None of Walkers’ RF Claims Can ‘Escape’ Federal Preemption: Reply
The Walker family plaintiffs’ Feb. 28 opposition to the cellphone industry’s motion to dismiss their RF radiation complaint (see 2303010001) confirms that federal conflict preemption bars their claims, said the industry’s reply Tuesday (docket 2:21-cv-00923) in U.S. District Court for Western Louisiana in Lake Charles. Their claims are barred because they challenge the FCC’s RF emissions standards and equipment authorization "regime” in defiance of federal statutes, said the reply.
The plaintiffs -- Frank Walker's surviving wife and two sons -- allege the industry covered up information showing many cellphones don’t comply with the FCC’s specific absorption rate limitations for how much RF radiation is absorbed into the human body. They allege this led to Walker’s death from brain cancer. The defendants are AT&T, CTIA, Microsoft, Motorola, the Telecommunications Industry Association and ZTE. Their motion to dismiss is based on the assertion federal law preempts the Walkers’ claims. The Walkers responded that Congress never intended to prohibit state actions for injuries resulting from cellphone use when it enacted the Communications Act and the Telecommunications Act.
The Walkers are “unable to rebut” the “overwhelming authority” for conflict preemption in the Communications Act, and the FCC’s rulemaking under the statute, plus the opinion of “virtually every court to address the issue,” said the industry’s reply. The Walkers must then rely “almost exclusively on cases addressing different statutes and regulatory regimes,” it said.
The Walkers’ preemption analysis “inexplicably focuses on express and field preemption rather than conflict preemption, the only form of preemption at issue” in their case, said the reply. They assert certain “savings clauses” preserve their claims, “but every decision addressing that argument has rejected it,” it said. Under Supreme Court precedent, savings clauses “neither bar the operation of ordinary conflict preemption principles nor save state-law claims that would, as here, alter an agency’s deliberate balancing of competing policy objectives,” it said. Because none of the Walkers’ arguments “has merit,” the court should dismiss their complaint, it said.

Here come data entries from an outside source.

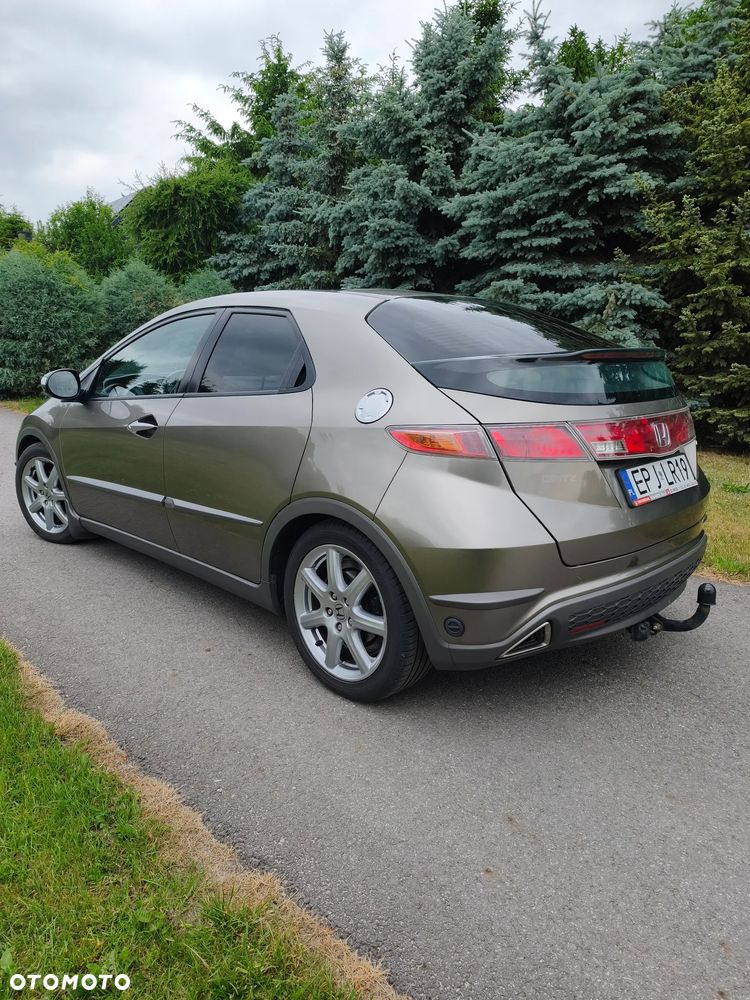 Honda Civic 1.8 Executive - 4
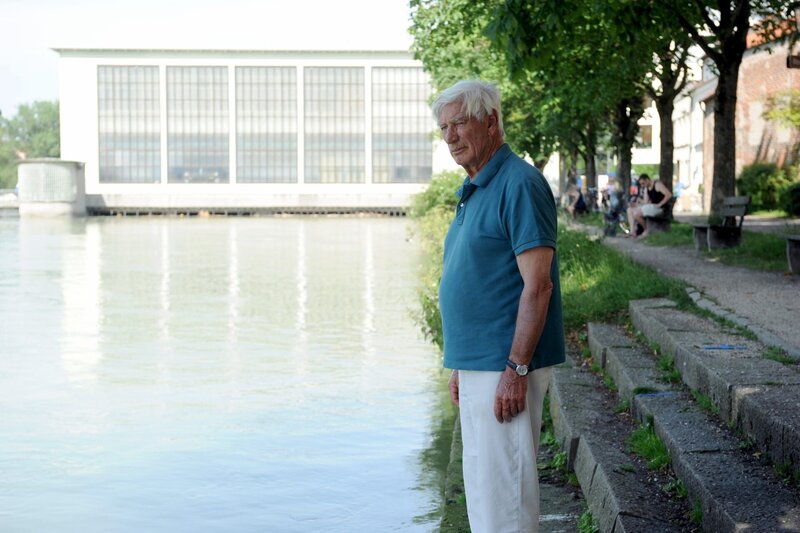 Willi (Siegfried Rauch) hat keinen Lebensmut mehr. – Bild: ORF/​Kineos/​Barbara Bauriedl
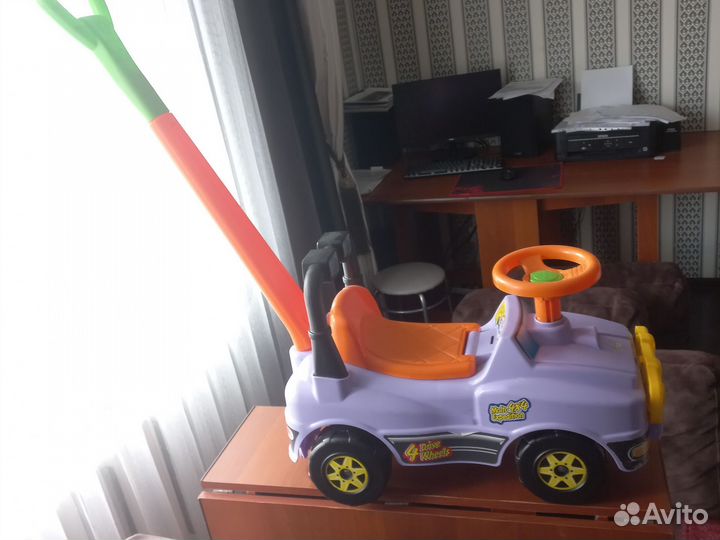 Машинка-каталка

Congress and the FCC have “repeatedly emphasized” the importance of uniform technical standards, like the RF standards, “for the proper functioning of a national radio telecommunications system,” said the reply. Uniform standards enable individuals living in one state to use their cellphones when traveling to any other state, it said.
The FCC has consistently said claims challenging the safety of FCC-certified cellphones “conflict with its RF standards and equipment authorization regime,” said the reply. The commission said those claims, if successful, would undermine the agency’s efforts to implement a uniform and reliable process for certifying that cellphones comply with RF limits, it said.
The Walkers’ claims “challenge the safety" of FCC-certified cellphones, said the reply. The “crux of every count” in their complaint is that Frank Walker’s FCC-certified cellphones were unreasonably dangerous, “which directly challenges the FCC’s view that certified phones are safe,” it said. Because the Walkers’ claims depend on the “proposition” that the phones Frank Walker used were noncompliant and unsafe “as a matter of state law despite being compliant and safe as a matter of federal law,” their claims conflict with federal law “and are therefore preempted,” it said.
The Walkers make several arguments in response, but none of them has merit, said the reply. On their assertion there can be no federal preemption without express statutory authority from Congress or the FCC, conflict preemption “does not require an explicit statement of congressional or agency intent to displace state law,” it said. On the Walkers’ argument that their claims complement rather than conflict with the FCC’s enforcement regime, the 3rd Circuit “squarely rejected this argument because it fails to recognize that the FCC’s standards reflect a particular balance of competing policy objectives,” it said.
The Walkers also wrongly argue the FCC’s views aren’t “entitled to deference,” said the reply. “Every court to consider the FCC’s position on preemption has held that the FCC has consistently taken the position that claims challenging the safety of FCC-certified phones conflict with its RF emission standard as well as the testing, certification, and equipment authorization regime,” it said. As for the Walkers’ argument that the two savings clauses in the FCA and two in the TCA help their claims “escape preemption,” none of those provisions can help them “avoid dismissal,” said the reply.